With the initial excitement around AI cooling down, interest in running generative AI models independently is growing. Free models are catching up with commercial AI offerings. Hosting your own Large Language Model (LLM) at home or in a business setting is becoming more appealing. However, the best models usually demand high-end hardware and consume significant energy. Models like Llama 3.1, with 405 billion parameters, are beyond reach for most, even those with powerful workstations or servers. Medium-sized businesses might hesitate to invest in twelve H100 GPUs, each costing around 30,000 Euros.
Language models require precise training, but post-training accuracy can be reduced through quantization without much quality loss. Common quantization methods reduce weight storage from 16-bit to 4-bit, with newer methods using 2-bit or less. Quantized models compute responses faster, lowering electricity costs and allowing them to run on local machines and slower processors.
Smaller models like Mistral Large 2 with 124 billion parameters or Nvidia Nemotron with 70 billion parameters are nearly as capable as larger models.
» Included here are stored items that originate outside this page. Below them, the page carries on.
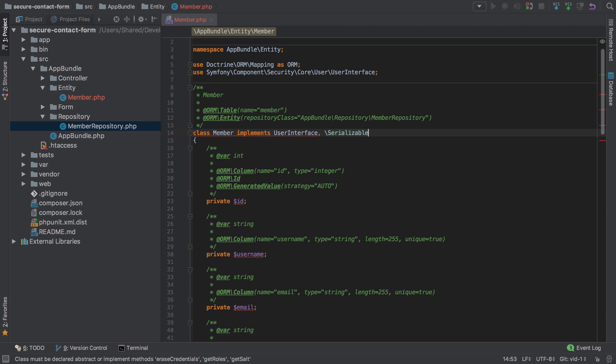The Serializable interface ensures that we have to implement both the serialize and unserialize methods on our Member entity or object that describe how that data is saved and restored. There's only certain fields that we actually need to serialize, which in our case are going to be the ID, the username, and password, but we don't need to worry about that immediately.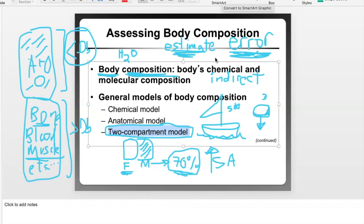We want an assessment that is as valid as possible and easy to measure within the confines of our course or the laboratory we have.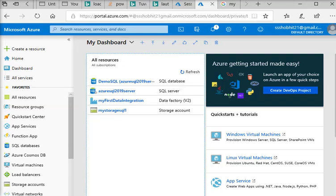Welcome guys. In our Azure SQL Server tutorial, we are going to create a connection from Talend to connect with my Azure SQL Server database. So what I need to do here first of all is connect to my Azure SQL Server.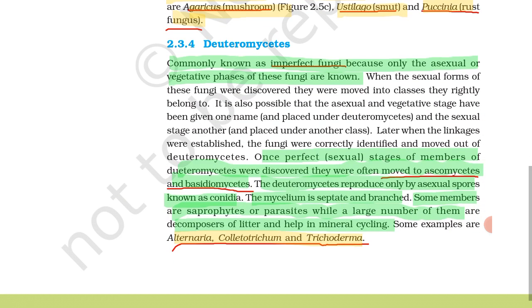Next is Deuteromycetes, commonly known as imperfect fungi, because only asexual or vegetative phases of these fungi are known; the sexual stage is unknown. When the sexual forms of these fungi were discovered, they were moved into the class they rightly belong to — often Ascomycetes or Basidiomycetes. Deuteromycetes reproduce only by asexual spores known as conidia, and the mycelium is septate and branched.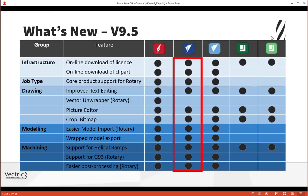VCarve Pro contains the majority of features developed for version 9.5, broadly grouped into key areas such as infrastructure, job type, drawing, modeling, and machining. We've got a good spread of improvements across all these key areas, whether that be the automatic download and entering of your license code, the addition of a completely new job type for rotary, significant improvements to text creation and editing within drawing, the new picture editor, the ability to crop a bitmap to a vector, significant improvements to the way we import rotary models, the ability to export that wrapped entity as a true wrapped model, and improvements to rotary-based machining as well as the new support for helical ramps.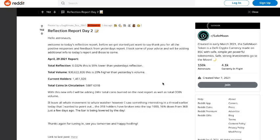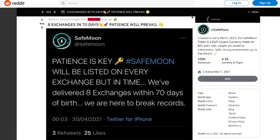With SafeMoon gaining more popularity and more people talking about it, it's also getting on even more exchanges. Looking at another Reddit post quoting a tweet from SafeMoon, it says: 'Patience is key — SafeMoon will be listed on every exchange, but in time. We've delivered eight exchanges within 70 days of birth. We are here to break records.' Eight exchanges in 70 days is a massive amount, and the community has been pushing this hard, especially on Twitter.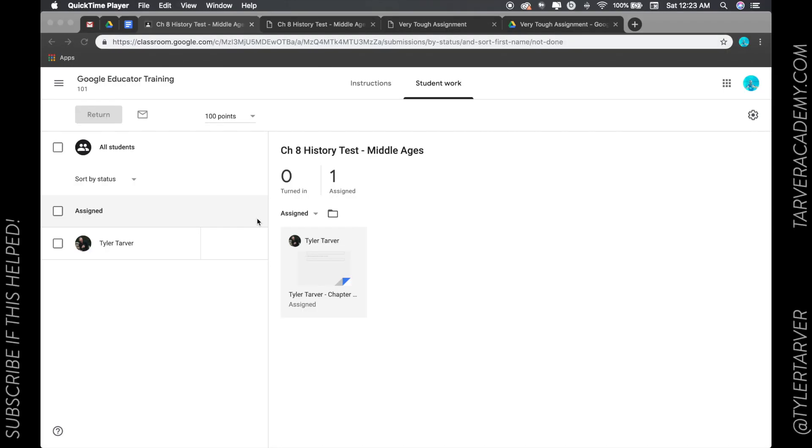What is up, ladies and gentlemen, it is Tyler with TarverAcademy.com, and we are in Google Classroom today. If you could hit the subscribe button on this YouTube video, that would be super duper. Okay, so we're learning about how to send a private comment,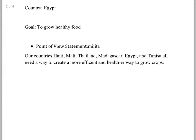Next up, with your point of view statement — first of all, it's nice to proofread. I know it's just a typo and it doesn't seem like much, but it sort of makes me feel like you guys don't care about your work when you do stuff like that. The bigger problem here is this is where I need details and you didn't give me any. So you said that your countries all need a way to create a more efficient and healthier way to grow crops.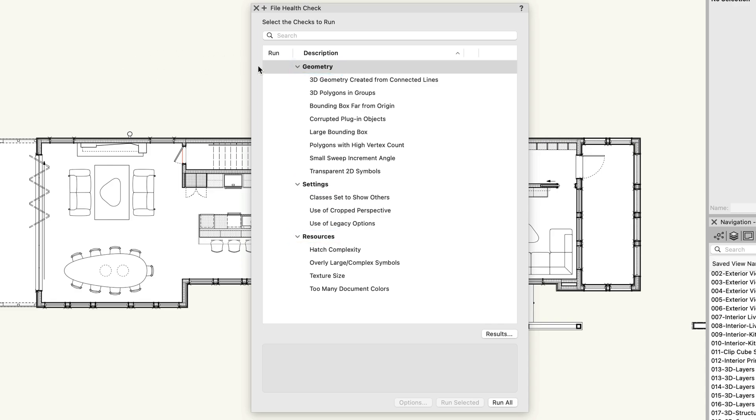Select which checks to run by using the checkboxes next to each description. If you want to exclude an entire category or a specific issue, simply uncheck them. This is useful if you already know about certain objects or issues and don't want to include them in the scan.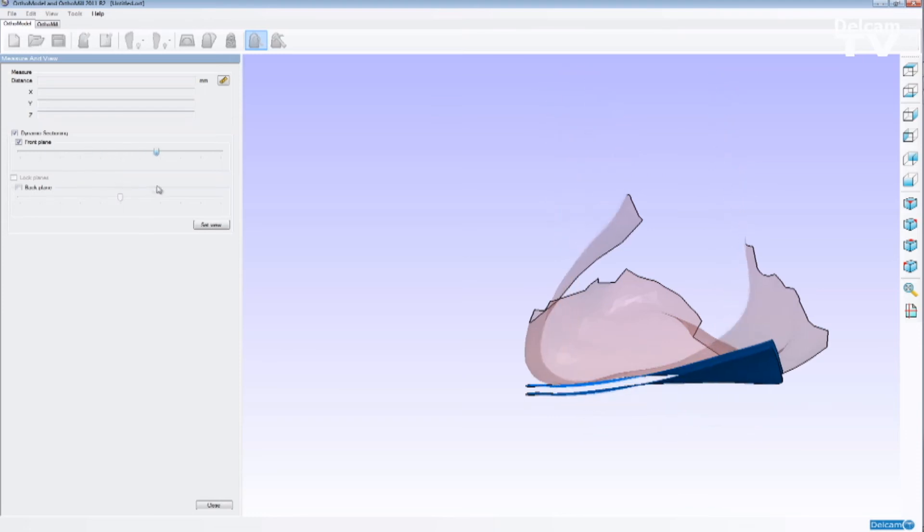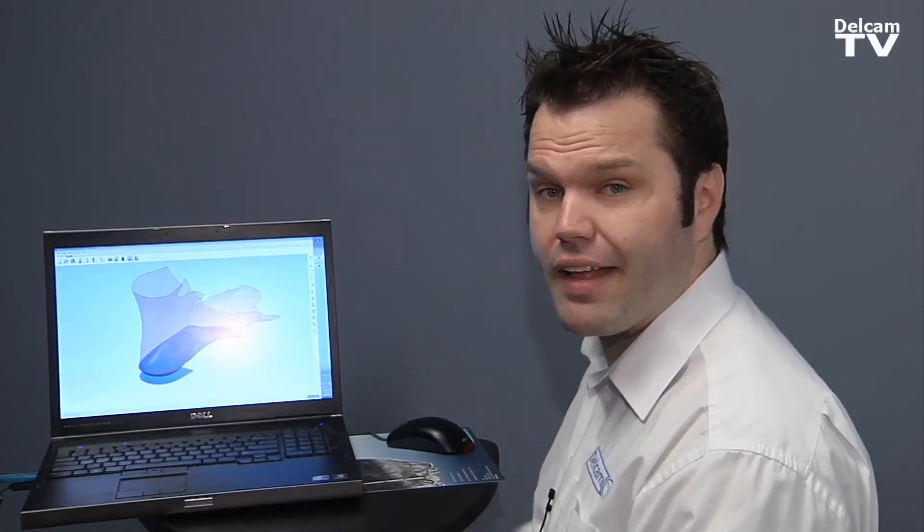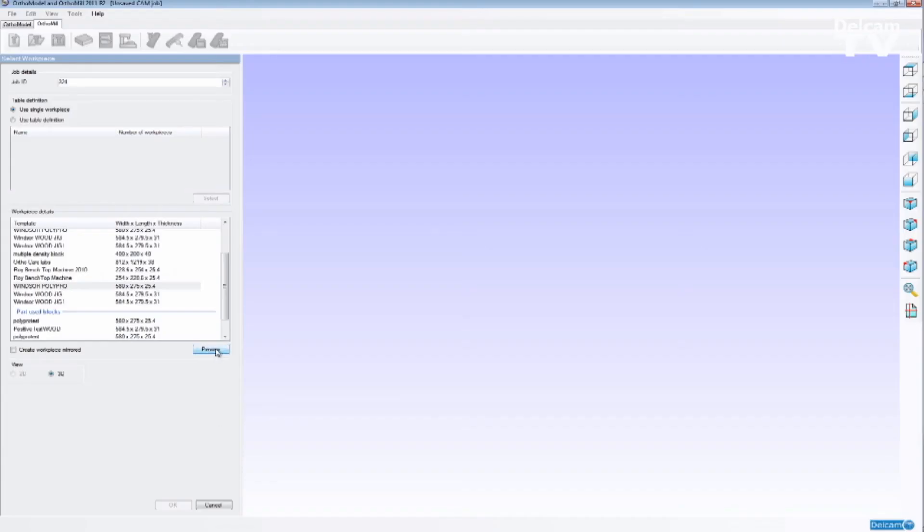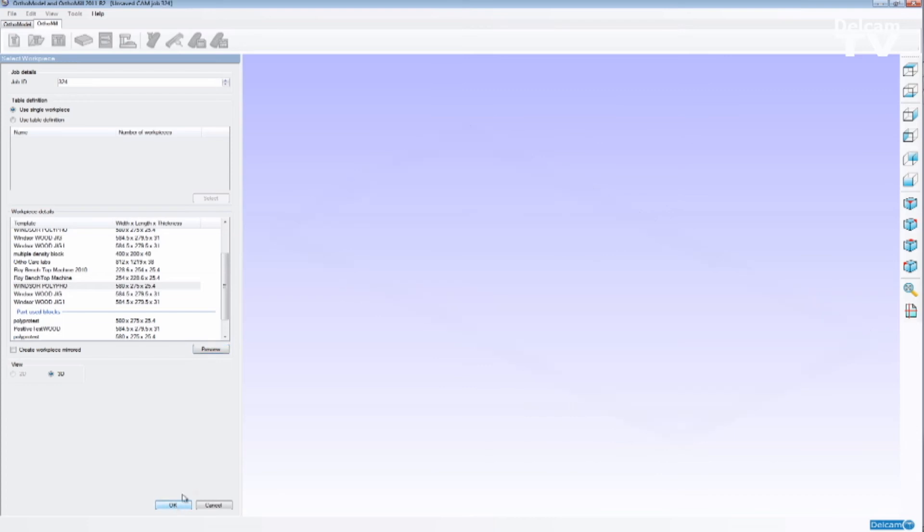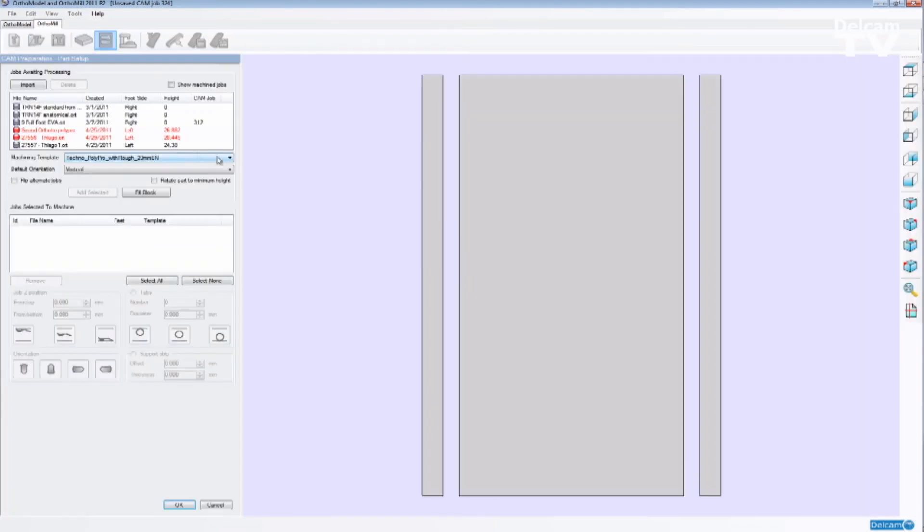Once we have finished designing the orthotic and we're happy with the design, we can then move on to OrthoMule to prepare for manufacturing. I'm able to select the material that I'm going to use to cut the orthotics and also the sizes as well. So I'm going to select one of the blocks that I have on my library.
Mistral Large 2 can run on a single 80-GB GPU like an A100 or H100, and Nemotron on a 48-GB GPU such as an A6000, which costs about 6,000 Euros. This is made possible by quantization, which even allows models with ChatGPT 3.5’s performance to run locally on smartphones.
This article provides an overview of different quantization methods and which frameworks and hardware platforms use them efficiently. Quantization is a technique that compresses AI models, making them smaller and more manageable without significant loss in performance. It is crucial for deploying AI systems on devices with limited resources, such as smartphones or personal computers, and helps in reducing operational costs by lowering energy consumption.
Quantization involves reducing the precision of the model’s weights. Initially, models are trained with high precision, typically using 16-bit floating-point numbers. Post-training, these weights can be converted to lower precision formats like 8-bit or even 4-bit integers. This reduction in precision significantly decreases the model size and speeds up computations, making it feasible to deploy large models on less powerful hardware.
For mobile devices, quantization is essential. It allows complex models to run efficiently on smartphones, enabling advanced AI applications without relying on cloud computing. This is not only cost-effective but also enhances privacy, as data processing can occur locally on the device.
Quantization is also beneficial for CPUs, which are generally less powerful than GPUs for AI tasks. By reducing the model size, quantized models can perform satisfactorily on CPUs, making high-quality AI accessible to a broader audience without the need for expensive GPU setups.
In conclusion, quantization is a powerful technique that enables the deployment of large language models on a variety of devices, from high-end servers to everyday smartphones. It reduces the resource requirements and operational costs, making AI technology more accessible and sustainable. As AI continues to evolve, quantization will play a critical role in ensuring that powerful models can be used efficiently across different platforms and devices.